The removal and replacement of MTBE is not the only challenge facing US refiners in 2004.  Under a set of proposals known as Tier II, they are obliged to reduce the sulphur content of their gasoline from the start of this year as well.  Tier II requires refiners to limit sulphur to 120 parts per million (ppm) compared with last year’s ceiling of 500 ppm.  The same standard will apply to gasoline imports.  A few, mainly small refiners will be allowed to produce gasoline up to a limit of 300 ppm, but the overwhelming majority of US gasoline will have to meet the lower limit.

       Not all foreign suppliers will be able to meet the new sulphur specs without changes to their crude slates.  Some Latin American and European refiners may have to switch to crudes that are lower in sulphur, as may some US refiners as well.  This could mean a cut in demand for sour crudes from Canada, Mexico, Venezuela and the Persian Gulf and the corresponding rise in the premium paid for sweet crudes such as those from West Africa and the North Sea.  The same considerations apply to refinery feedstocks such as vacuum gasoil (VGO), which are cracked to produce gasoline.  Late last year, as refiners switched to making low sulphur gasoline the premium in the US Gulf for low sulphur VGO widened from around 80 cents a barrel to nearly $3.00.

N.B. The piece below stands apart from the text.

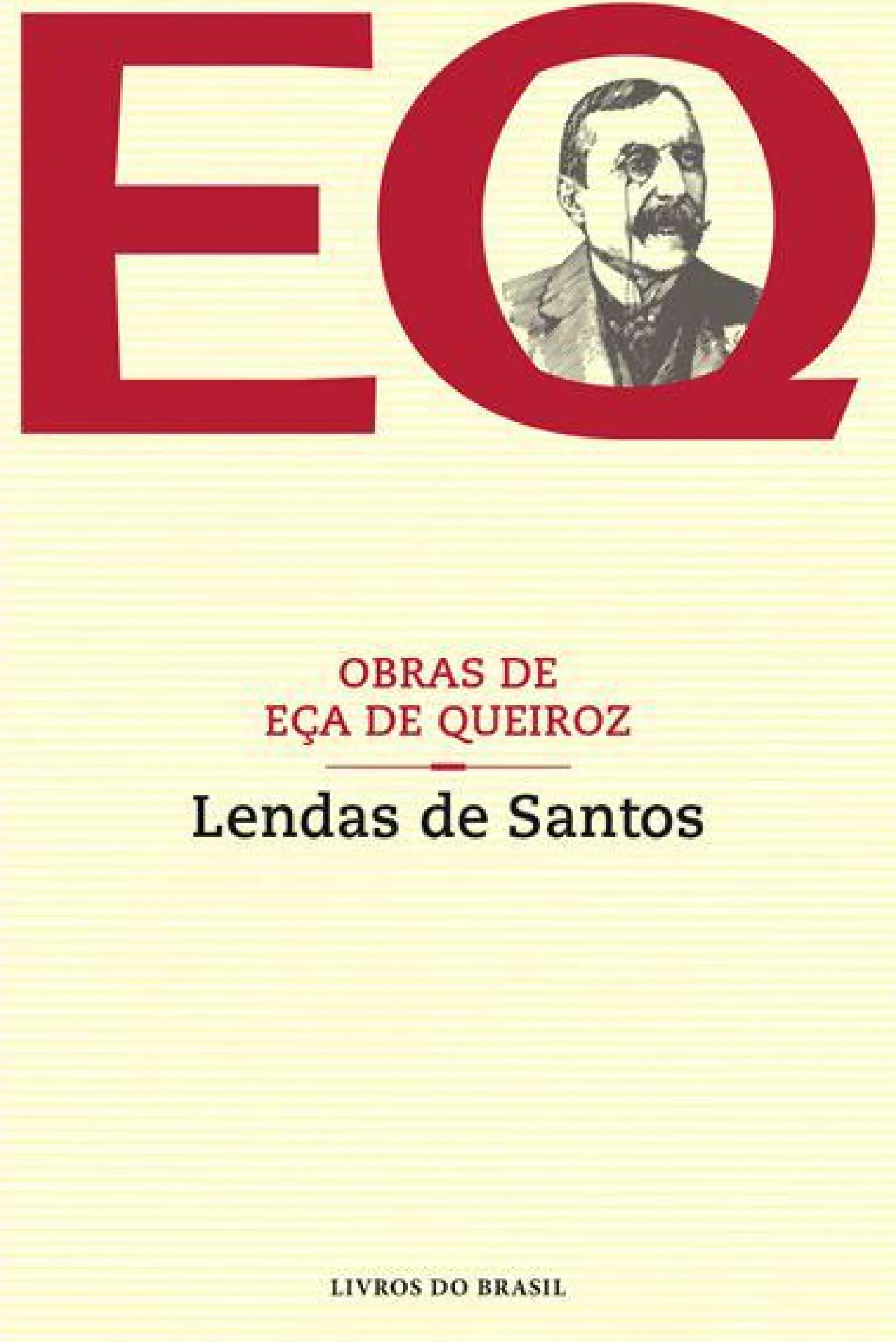 Livros Do Brasil Lendas de Santos de Eça de Queiroz^ Vidas Reais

       Gasoline markets themselves are bound to become fragmented as US states adopt different specifications.  This can cause problems during temporary shortages of gasoline in some areas, owing to the difficulty of finding product of the right specification from neighbouring states where different rules apply.  Futures trading is also affected.  Nymex has been obliged to introduce a new contract based on the New York and Connecticut grades containing ethanol, after trading in its standard, non-ethanol contract declined sharply.  Two other futures contracts are due to be launched in response to the change in gasoline specifications.  The New York Board of Trade announced the introduction of an ethanol contract in May, while the Chicago Board of Trade said it would have one ready by the end of the year.

 


THE MONTH IN BRIEF

This section summarizes downstream developments of the previous month.  Exploration & Production are covered in ‘Upstream Review’.

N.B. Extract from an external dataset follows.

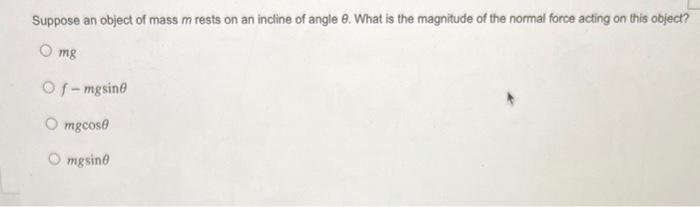 Solved Suppose an object of mass m rests on an incline of | Chegg.com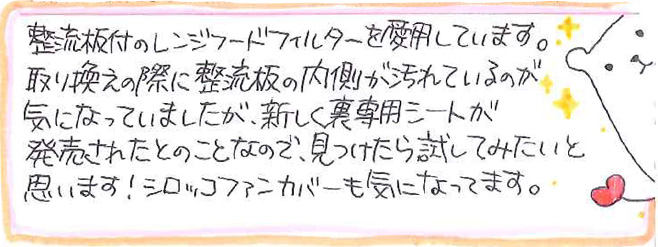 整流板付のレンジフードフィルターを愛用しています。 取り換えの際に整流板の内側が汚れているのが 気になっていましたが、新しく裏専用シートが発売されたとのことなので、 見つけたら試してみたいと思います！シロッコファンカバーも気になってます。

Chaos in Iraq, a curious Saudi offer and Shell still in trouble


The USA suffered its highest monthly total of casualties in Iraq during April as the security situation began to spiral out of control.  Middle Eastern worries and high US gasoline demand pushed oil prices to their highest level since shortly after Iraq’s invasion of Kuwait in August 1990, as WTI hit $40.  Insurgents targeted several oil installations in Iraq including the Basrah Oil Terminal and the nearby offshore terminal at Khor al-Amaya.  Exports to Ceyhan in Turkey resumed following damage to the pipeline, only to be suspended in late April for what were described as “technical reasons”.  The Iraqi Governing Council, the US Congress and the United Nations began investigations into the alleged bribery and corruption surrounding payments made in connexion with the UN’s ‘oil-for-food’ deal under which Saddam Hussain’s government sold its oil between 1996 and 2003.

       Saudi Arabia made a curious offer to the USA to build two new refineries there.  Planning regulations make it virtually impossible for anyone to build a new US refinery.  The Saudis’ main aim was to divert criticism for high oil prices away from OPEC and towards the USA, where gasoline prices are soaring amid a shortage of refining capacity and increasing demand (see ‘Focus’).  Saudi Arabia meanwhile has agreed to raise crude oil deliveries to East Asia in an attempt to curb price increases there.  Saudi export volumes will nevertheless be below those contracted for by Asian buyers.  Terrorists killed six people in an attack on the Saudi Aramco-ExxonMobil refinery complex at Yanbu.

       Some members want OPEC to raise its oil price target above the present $22-28 range (see ‘Looking Ahead’).  Iraq is trying to reduce the volumes of its crude sold to traders, preferring to sell directly to refiners instead.  US refiners are showing interest in a blend of Basrah Light crude and Ecuador’s Napo being made available at storage facilities in Panama.  The new blend is said to produce a high quality asphalt.  Russia’s Yukos has agreed to more than double deliveries of crude oil by rail to China this year.  Volumes have been set at 180,000 bpd.  Sinochem is to buy the bankrupt 270,000 bpd Inchon refinery in South Korea.  The Chinese oil trader says it will process its own crude there for export to China.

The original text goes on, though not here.